Die Kurzliegerstation richtet sich insbesondere an Patientinnen und Patienten mit Krankheitsbildern, die eine zeitlich begrenzte Überwachung und Behandlung notwendig machen. Dazu zählen unter anderem Alkoholvergiftungen, Blutzucker- oder Blutdruckentgleisungen, Kollapszustände, Asthmaanfälle oder ähnliche akute Beschwerden. Das Ziel ist es, innerhalb eines überschaubaren Zeitraums eine sichere medizinische Entscheidung zu treffen.
„Nicht jede Patientin und jeder Patient, der die Notaufnahme aufsucht, benötigt automatisch einen vollstationären Aufenthalt“, erklärt Dr. med. Michael Habenicht, Chefarzt der Klinik für Akut- und Notfallmedizin. „Gleichzeitig ist es in vielen Fällen medizinisch sinnvoll, die Entwicklung für einige Stunden engmaschig zu beobachten.“ Genau hier setzt die neue Kurzliegerstation an.
Die Station ist räumlich direkt an die Zentrale Notaufnahme angebunden und mit moderner Überwachungs- und Medizintechnik ausgestattet. Die Verweildauer beträgt mindestens drei und maximal 24 Stunden. Spätestens nach diesem Zeitraum wird entschieden, ob eine stationäre Aufnahme erfolgt oder die Patientinnen und Patienten in die hausärztliche Weiterbehandlung entlassen werden können.

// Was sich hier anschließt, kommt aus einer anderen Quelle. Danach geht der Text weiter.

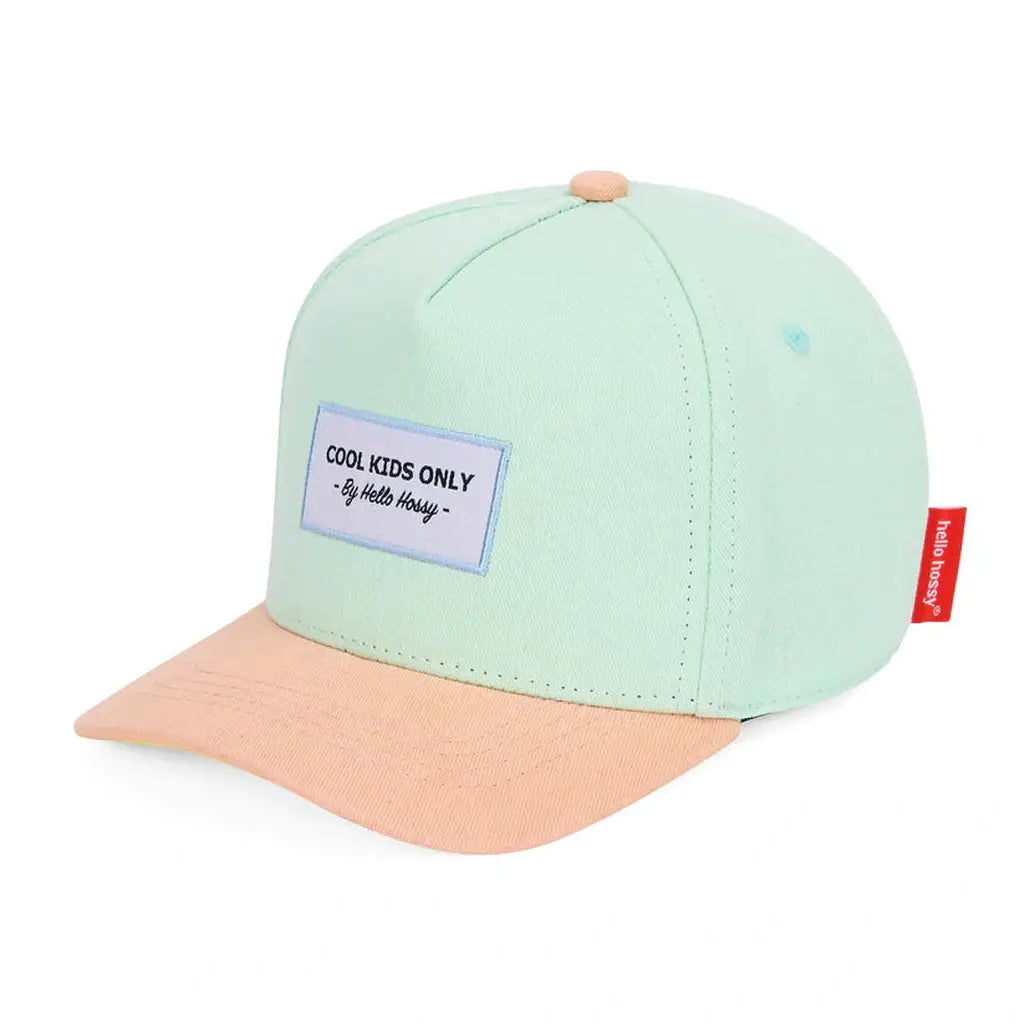 Gorra Mini Aloe HELLO HOSSY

Mit der neuen Kurzliegerstation verfolgt das AMEOS Klinikum Bremerhaven gleich mehrere Ziele: Die Stationen des Klinikums werden entlastet, da nicht jede kurzfristige Überwachung dort erfolgen muss. Gleichzeitig gewinnt die Zentrale Notaufnahme zusätzliche Behandlungskapazitäten, weil Patientinnen und Patienten während der Überwachung keine Behandlungsräume blockieren.
„Die Kurzliegerstation ist ein wichtiger Baustein, um die Notfallversorgung effizienter, patientenorientierter und zukunftsfähig aufzustellen“, betont Katja Loesche, Regionalgeschäftsführerin AMEOS Nord.